The S3 bucket behind https://cache.nixos.org contains more than 1 billion files requiring more than 600 TB of storage. This project is yet another attempt at garbage collecting that behemoth.
We started out in the summer of 2025 building a write-through proxy that would sit between Hydra and the S3 bucket during upload, parsing Narinfo files and storing the metadata in a Postgres db.
Combined with an historical import process based on the S3 Inventory Service, this would have allowed a real-time view of every store path within the cache and how they related to each other. From there, we could develop GC strategies.
We got pretty far along this path before a pause due to other commitments. When we returned to finish it, we quickly realised that a rewrite of the Hydra Queue Runner would introduce architectural changes that would mean a write-through proxy was no longer appropriate.

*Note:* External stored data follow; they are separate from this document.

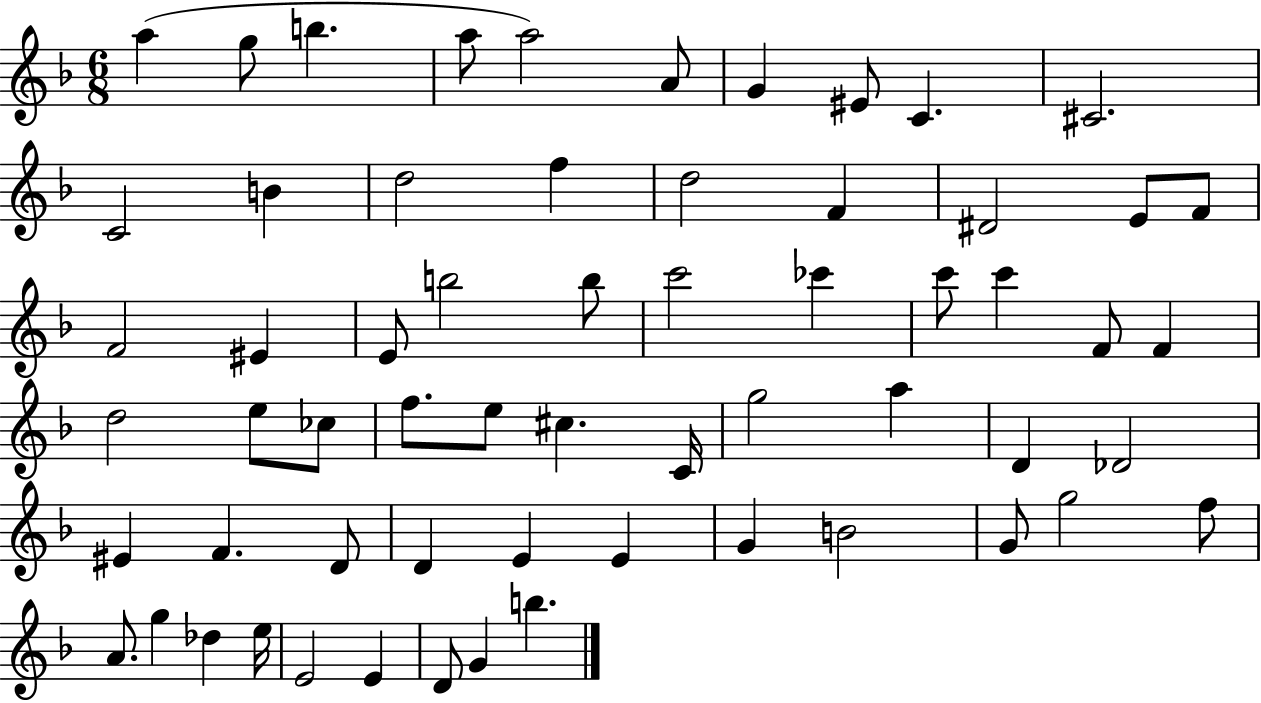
A5/q G5/e B5/q. A5/e A5/h A4/e G4/q EIS4/e C4/q. C#4/h. C4/h B4/q D5/h F5/q D5/h F4/q D#4/h E4/e F4/e F4/h EIS4/q E4/e B5/h B5/e C6/h CES6/q C6/e C6/q F4/e F4/q D5/h E5/e CES5/e F5/e. E5/e C#5/q. C4/s G5/h A5/q D4/q Db4/h EIS4/q F4/q. D4/e D4/q E4/q E4/q G4/q B4/h G4/e G5/h F5/e A4/e. G5/q Db5/q E5/s E4/h E4/q D4/e G4/q B5/q.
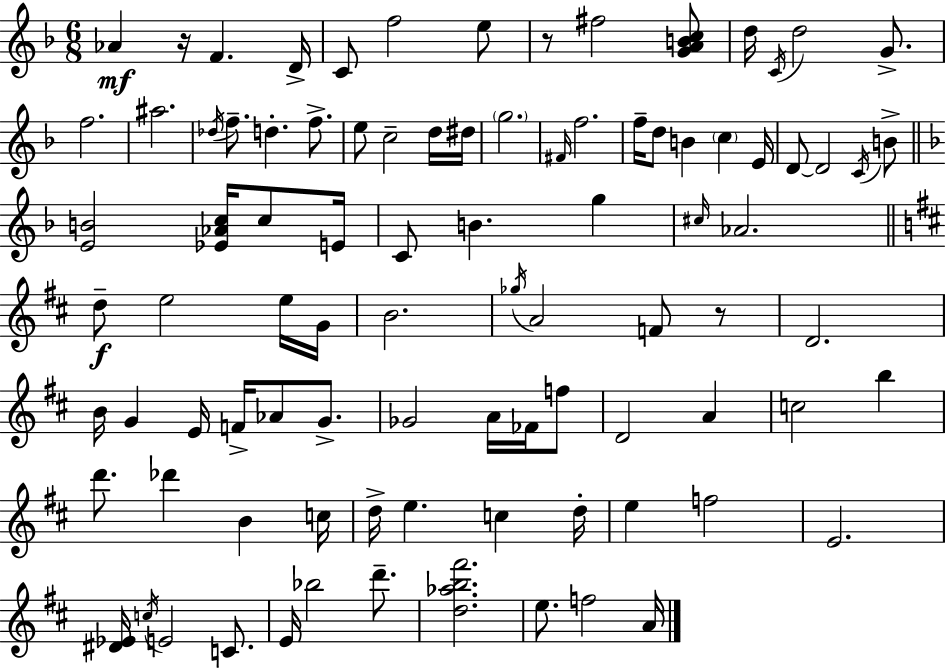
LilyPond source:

{
  \clef treble
  \numericTimeSignature
  \time 6/8
  \key f \major
  aes'4\mf r16 f'4. d'16-> | c'8 f''2 e''8 | r8 fis''2 <g' a' b' c''>8 | d''16 \acciaccatura { c'16 } d''2 g'8.-> | \break f''2. | ais''2. | \acciaccatura { des''16 } f''8.-- d''4.-. f''8.-> | e''8 c''2-- | \break d''16 dis''16 \parenthesize g''2. | \grace { fis'16 } f''2. | f''16-- d''8 b'4 \parenthesize c''4 | e'16 d'8~~ d'2 | \break \acciaccatura { c'16 } b'8-> \bar "||" \break \key f \major <e' b'>2 <ees' aes' c''>16 c''8 e'16 | c'8 b'4. g''4 | \grace { cis''16 } aes'2. | \bar "||" \break \key b \minor d''8--\f e''2 e''16 g'16 | b'2. | \acciaccatura { ges''16 } a'2 f'8 r8 | d'2. | \break b'16 g'4 e'16 f'16-> aes'8 g'8.-> | ges'2 a'16 fes'16 f''8 | d'2 a'4 | c''2 b''4 | \break d'''8. des'''4 b'4 | c''16 d''16-> e''4. c''4 | d''16-. e''4 f''2 | e'2. | \break <dis' ees'>16 \acciaccatura { c''16 } e'2 c'8. | e'16 bes''2 d'''8.-- | <d'' aes'' b'' fis'''>2. | e''8. f''2 | \break a'16 \bar "|."
}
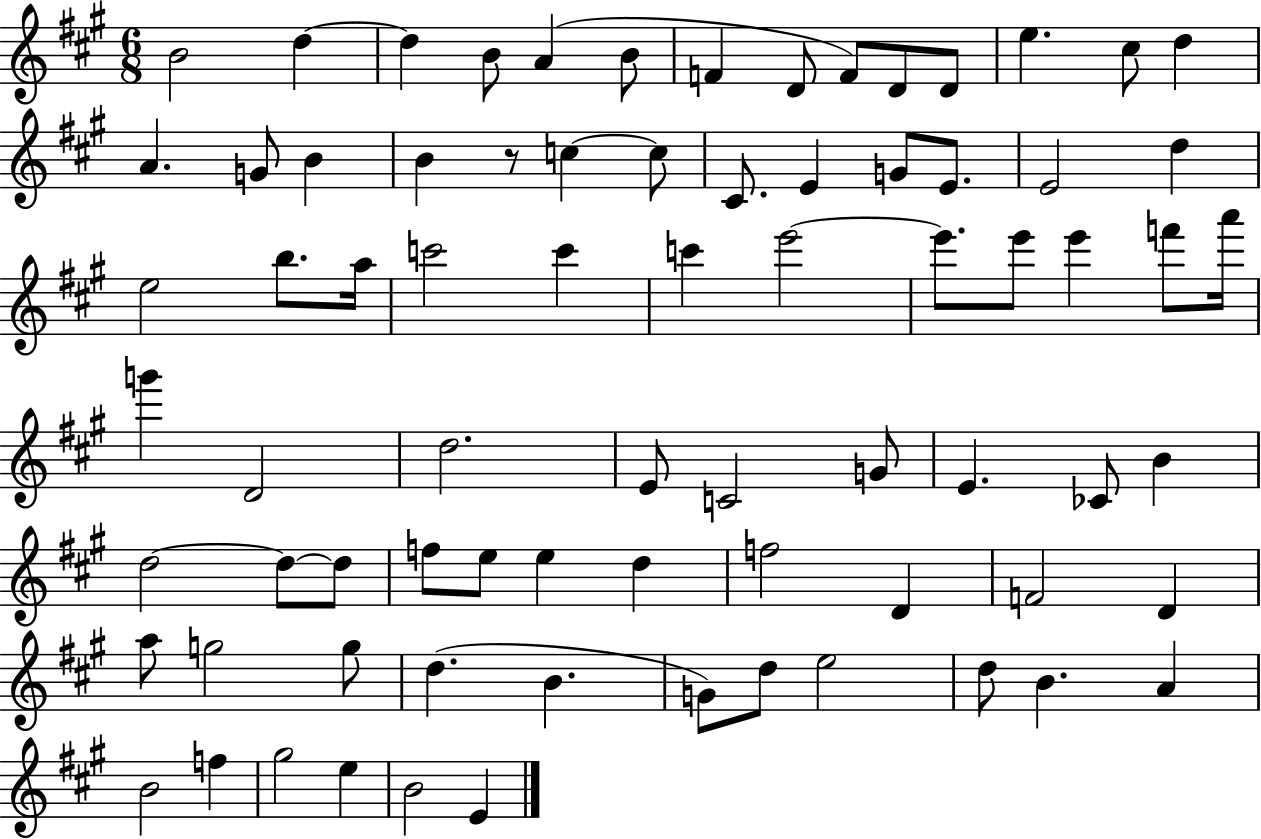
{
  \clef treble
  \numericTimeSignature
  \time 6/8
  \key a \major
  b'2 d''4~~ | d''4 b'8 a'4( b'8 | f'4 d'8 f'8) d'8 d'8 | e''4. cis''8 d''4 | \break a'4. g'8 b'4 | b'4 r8 c''4~~ c''8 | cis'8. e'4 g'8 e'8. | e'2 d''4 | \break e''2 b''8. a''16 | c'''2 c'''4 | c'''4 e'''2~~ | e'''8. e'''8 e'''4 f'''8 a'''16 | \break g'''4 d'2 | d''2. | e'8 c'2 g'8 | e'4. ces'8 b'4 | \break d''2~~ d''8~~ d''8 | f''8 e''8 e''4 d''4 | f''2 d'4 | f'2 d'4 | \break a''8 g''2 g''8 | d''4.( b'4. | g'8) d''8 e''2 | d''8 b'4. a'4 | \break b'2 f''4 | gis''2 e''4 | b'2 e'4 | \bar "|."
}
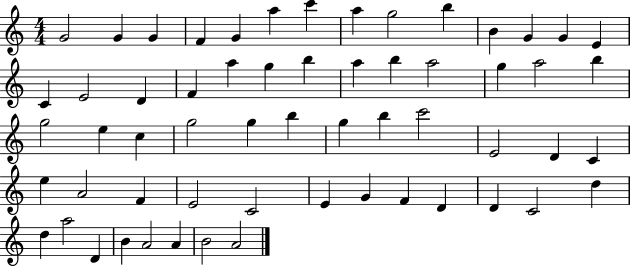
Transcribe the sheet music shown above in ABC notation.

X:1
T:Untitled
M:4/4
L:1/4
K:C
G2 G G F G a c' a g2 b B G G E C E2 D F a g b a b a2 g a2 b g2 e c g2 g b g b c'2 E2 D C e A2 F E2 C2 E G F D D C2 d d a2 D B A2 A B2 A2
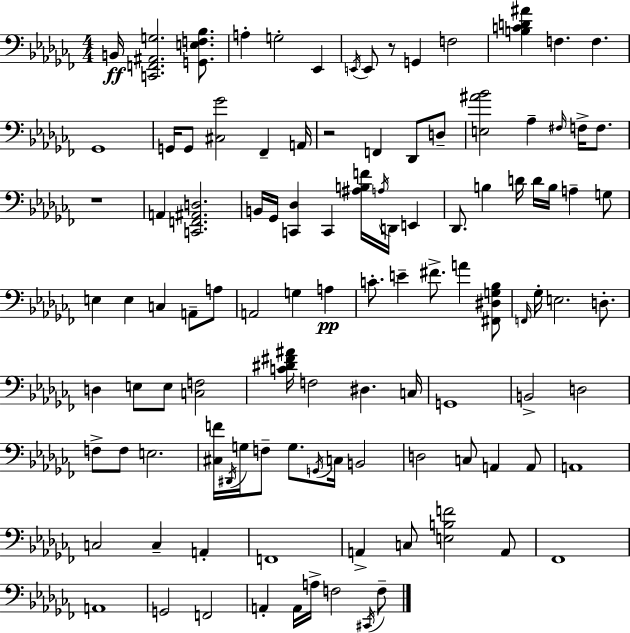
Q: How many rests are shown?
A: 3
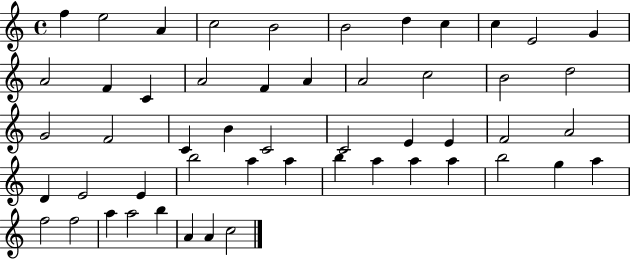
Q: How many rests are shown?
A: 0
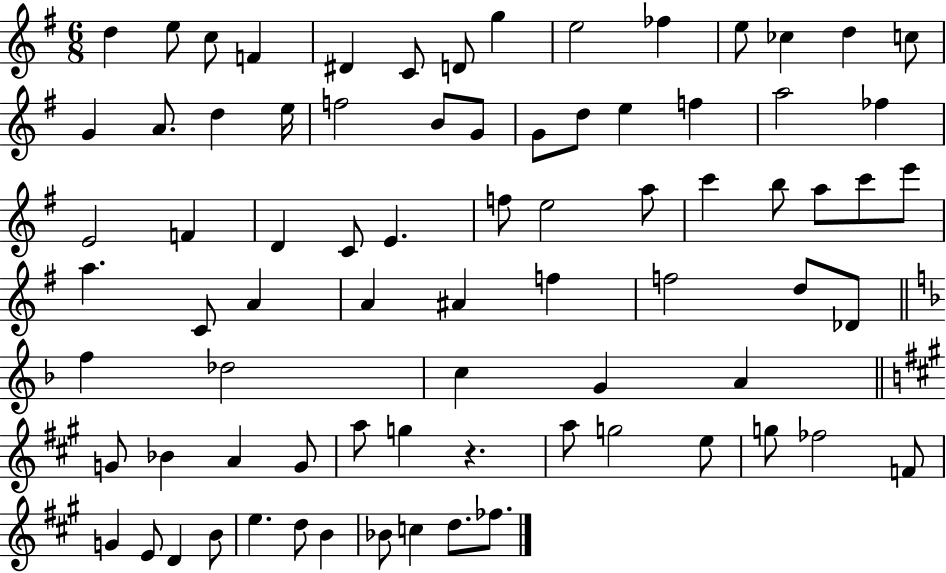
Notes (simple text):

D5/q E5/e C5/e F4/q D#4/q C4/e D4/e G5/q E5/h FES5/q E5/e CES5/q D5/q C5/e G4/q A4/e. D5/q E5/s F5/h B4/e G4/e G4/e D5/e E5/q F5/q A5/h FES5/q E4/h F4/q D4/q C4/e E4/q. F5/e E5/h A5/e C6/q B5/e A5/e C6/e E6/e A5/q. C4/e A4/q A4/q A#4/q F5/q F5/h D5/e Db4/e F5/q Db5/h C5/q G4/q A4/q G4/e Bb4/q A4/q G4/e A5/e G5/q R/q. A5/e G5/h E5/e G5/e FES5/h F4/e G4/q E4/e D4/q B4/e E5/q. D5/e B4/q Bb4/e C5/q D5/e. FES5/e.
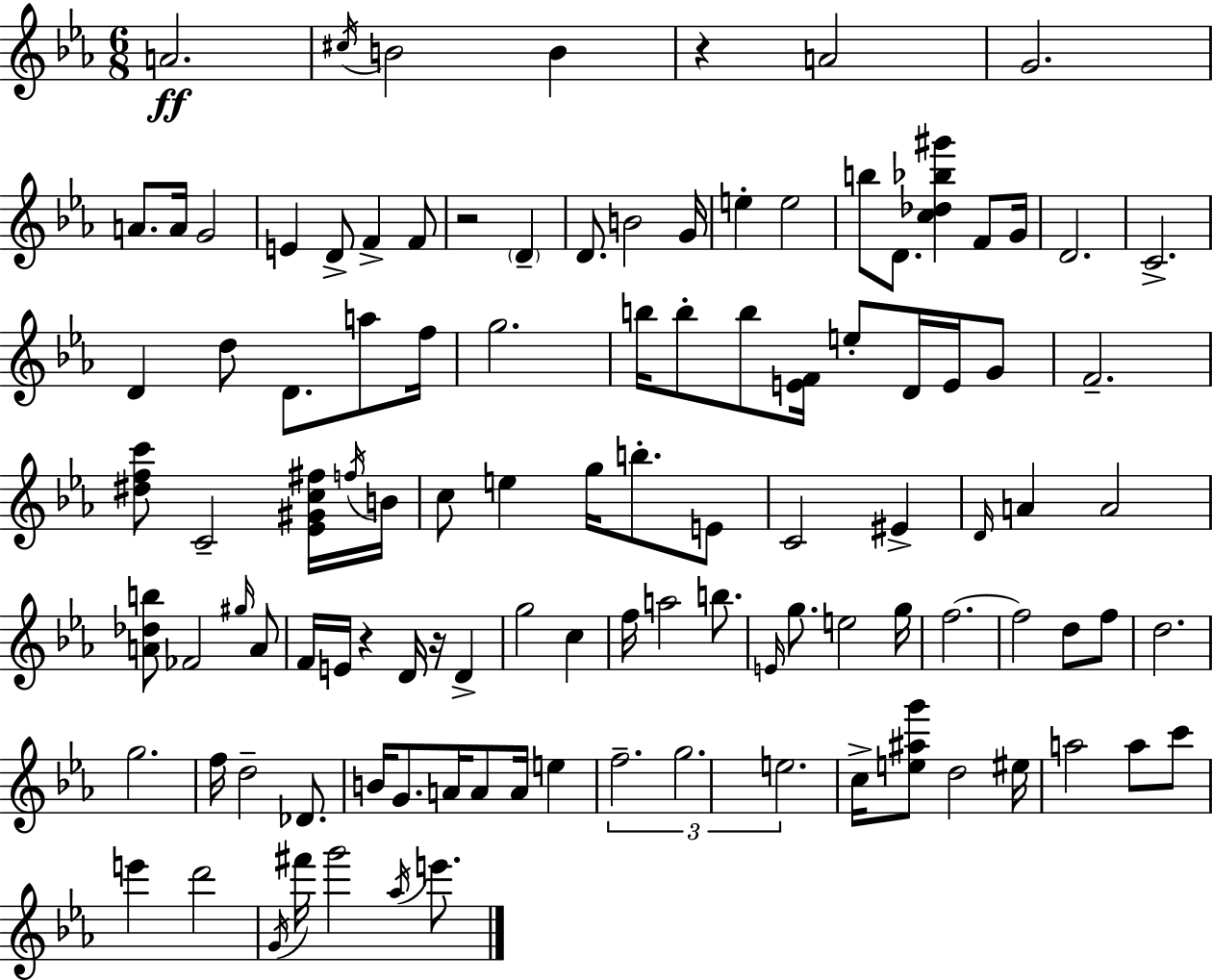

So we shifted gears and adapted the approach to work with S3 Notification Events instead to track changes to the bucket.
This lasted little more than a week before Simon Hauser pointed out in the bi-weekly queue runner meeting that "Hydra should have all this state".
We are currently investigating the assertion made by Simon. So far it seems that Hydra does indeed have a record of 99.5% of the store paths ever uploaded to the cache.
What it does not have (to the best of our understanding) is knowledge of how those paths relate to each other. We are currently investigating what it would take to import that history and maintain it going forward.
In parallel, we have begun interrogating the inventory data and downloaded Narinfos we already have to see if there are any quick wins.
A proper write-up of those findings will be published in the near-future, along with the underlying datasets so that others can verify them and perhaps identify other opportunities.
Note
This repository still retains some of the server functionality we developed, but is now mostly focused on inventory analysis and export.